Computational Statistics & Data Analysis (MVComp2)

Lecture 13: Dimensionality reduction

Tristan Bereau

Institute for Theoretical Physics, Heidelberg University

Course evaluation

Please complete by Jan 31, 2024.

https://uni-heidelberg.evasys.de/evasys/online.php?p=DTHA4

Introduction

Literature

Murphy (2022): Chapter 20 on Dimensionality Reduction

Recap from last time

Decision thoery: How do we choose between multiple candidate models?
Bayes factor: Compare models according to their marginal likelihoods (Bayes factor)
Occam’s razor: When unsure, choose the simpler model (fewer parameters, fewer assumptions, etc.)
Bayesian Information Criterion (BIC): Tradeoff between maximizing likelihood and minimizing model complexity

Idea

Learn a mapping from the high-dimensional visible space, \(\pmb x \in \mathbb{R}^D\), to a low-dimensional latent space, \(\pmb z \in \mathbb{R}^L\).

Mapping can be

a parametric model, \(\pmb z = f(\pmb x, \pmb \theta)\)
nonparametric, where we compute an embedding \(\pmb z_n\) for each input \(\pmb x_n\) in the data set, but not for any other point.¹

Principal component analysis

Principal component analysis¹

PCA

PCA: Simplest and most widely used form of dimensionality reduction.
Idea: Find a linear and orthogonal projection of the high-dimensional data. We project or encode \(\pmb x\) to get \(\pmb z = {\bf W}^\intercal \pmb x\), and unproject or decode \(\pmb z\) to get \(\pmb{\hat x} = {\bf W}\pmb z\).

Optimization: Intuitively we want \(\pmb{\hat x}\) to be close to the original \(\pmb x\) in \(\ell_2\) distance. Define the reconstruction error \[ \mathcal{L}({\bf W}) = \frac 1N \sum_{n=1}^N \Vert \pmb x_n - \text{decode}(\text{encode}(\pmb x_n; {\bf W}); {\bf W}) \Vert_2^2 \]

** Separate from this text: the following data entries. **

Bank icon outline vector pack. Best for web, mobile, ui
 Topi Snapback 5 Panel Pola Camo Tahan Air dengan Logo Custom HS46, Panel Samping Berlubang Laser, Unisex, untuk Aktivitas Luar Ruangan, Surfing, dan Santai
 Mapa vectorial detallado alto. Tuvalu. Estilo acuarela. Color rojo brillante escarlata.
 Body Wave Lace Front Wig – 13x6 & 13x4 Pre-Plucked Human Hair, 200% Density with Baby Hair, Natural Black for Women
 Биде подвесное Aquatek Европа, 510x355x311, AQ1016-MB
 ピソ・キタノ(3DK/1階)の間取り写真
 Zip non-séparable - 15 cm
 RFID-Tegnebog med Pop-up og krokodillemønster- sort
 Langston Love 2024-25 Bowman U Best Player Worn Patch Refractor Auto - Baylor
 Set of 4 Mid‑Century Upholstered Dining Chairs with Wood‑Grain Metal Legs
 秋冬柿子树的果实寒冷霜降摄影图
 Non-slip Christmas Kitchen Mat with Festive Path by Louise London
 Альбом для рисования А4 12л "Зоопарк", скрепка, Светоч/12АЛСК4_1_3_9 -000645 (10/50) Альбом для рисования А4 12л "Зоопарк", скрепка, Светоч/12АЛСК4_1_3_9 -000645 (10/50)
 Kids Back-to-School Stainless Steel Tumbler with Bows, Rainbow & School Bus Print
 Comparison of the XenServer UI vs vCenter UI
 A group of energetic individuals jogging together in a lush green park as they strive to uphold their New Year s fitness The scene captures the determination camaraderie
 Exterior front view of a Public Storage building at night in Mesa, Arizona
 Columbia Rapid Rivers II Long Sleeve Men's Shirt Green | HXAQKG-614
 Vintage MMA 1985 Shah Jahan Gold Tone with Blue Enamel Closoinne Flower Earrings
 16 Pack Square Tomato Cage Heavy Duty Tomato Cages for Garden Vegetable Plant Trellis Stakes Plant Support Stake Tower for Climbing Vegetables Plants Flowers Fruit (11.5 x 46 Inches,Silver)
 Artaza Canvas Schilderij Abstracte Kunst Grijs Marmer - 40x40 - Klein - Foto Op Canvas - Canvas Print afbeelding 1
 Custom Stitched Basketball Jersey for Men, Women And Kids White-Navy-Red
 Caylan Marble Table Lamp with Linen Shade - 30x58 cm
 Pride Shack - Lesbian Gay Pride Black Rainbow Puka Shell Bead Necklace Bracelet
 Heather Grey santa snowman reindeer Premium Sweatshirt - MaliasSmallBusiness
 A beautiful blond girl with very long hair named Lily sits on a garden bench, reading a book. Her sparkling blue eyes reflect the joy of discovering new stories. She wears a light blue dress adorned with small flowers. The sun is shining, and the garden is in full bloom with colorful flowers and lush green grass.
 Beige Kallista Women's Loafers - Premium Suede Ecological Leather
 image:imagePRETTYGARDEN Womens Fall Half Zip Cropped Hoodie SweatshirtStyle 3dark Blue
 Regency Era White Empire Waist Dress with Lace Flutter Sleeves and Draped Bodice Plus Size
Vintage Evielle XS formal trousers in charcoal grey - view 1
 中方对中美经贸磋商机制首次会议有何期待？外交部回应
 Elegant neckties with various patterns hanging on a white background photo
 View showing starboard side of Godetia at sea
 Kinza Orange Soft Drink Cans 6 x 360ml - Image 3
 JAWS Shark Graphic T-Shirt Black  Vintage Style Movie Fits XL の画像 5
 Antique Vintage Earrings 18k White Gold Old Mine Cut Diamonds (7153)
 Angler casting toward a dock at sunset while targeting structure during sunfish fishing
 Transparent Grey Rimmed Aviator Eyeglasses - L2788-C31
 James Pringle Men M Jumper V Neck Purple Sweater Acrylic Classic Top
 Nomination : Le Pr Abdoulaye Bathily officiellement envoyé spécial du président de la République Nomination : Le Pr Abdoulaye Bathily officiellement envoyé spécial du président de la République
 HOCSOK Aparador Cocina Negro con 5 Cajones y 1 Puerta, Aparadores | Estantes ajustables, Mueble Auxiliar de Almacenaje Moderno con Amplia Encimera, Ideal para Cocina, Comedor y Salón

Linear problem: This turns out to be equivalent to diagonalizing the empirical covariance matrix \[ \hat\Sigma = \frac 1N \sum_{n=1}^N (\pmb x_n - \bar x)(\pmb x_n - \bar x) = \frac 1N {\bf X}^\intercal_\text{c}{\bf X}_\text{c} \] where \({\bf X}_\text{c}\) is a centered version of the \(N\times D\) design matrix.

PCA examples¹

PCA effectively finds a rotation, and ranks the directions (eigenvectors) in terms of how much (eigenvalues) they describe the variance of the data (recall empirical covariance matrix from last slide).

Derivation¹

Setting: Consider an unlabeled dataset \(\mathcal{D} = \{ \pmb x_n : n=1: N\}\), where \(\pmb x_n \in \mathbb{R}^D\). Represent this as an \(N \times D\) matrix \({\bf X}\). Assume that the data is centered, i.e., \(\pmb{\bar x} = \frac 1N \sum_{n=1}^N \pmb x_n = 0\).
Optimization: Minimize distance between \({\bf X}\) and reconstructed data \[ \mathcal{L}({\bf W}, {\bf Z}) = \frac 1N \Vert {\bf X} - {\bf ZW}^\intercal \Vert^2 = \frac 1N \sum_{n=1}^N \Vert \pmb x_n - {\bf W}\pmb z_n\Vert^2 \]

Derivation (1D case)

Estimate the best 1d solution, \(\pmb w_1 \in \mathbb{R}^D\).¹

Coefficient for the first basis vector: \(\pmb{\tilde{z}} = [z_{11}, \dots, z_{N1}] \in \mathbb{R}^N\). Reconstruction error: \[ \begin{align*} \mathcal{L}(\pmb w_1, \pmb{\tilde{z}}_1) &= \frac 1N \sum_{n=1}^N (\pmb x_n - z_{n1}\pmb w_1)^\intercal(\pmb x_n - z_{n1} \pmb w_1)\\ &= \frac 1N \sum_{n=1}^N \left[ \pmb x_n^\intercal \pmb x_n -2z_{n1}\pmb w_1^\intercal \pmb x_n + z_{n1}^2 \right] \end{align*} \] since \(\pmb w_1^\intercal \pmb w_1 = 1\) (orthonormality assumption).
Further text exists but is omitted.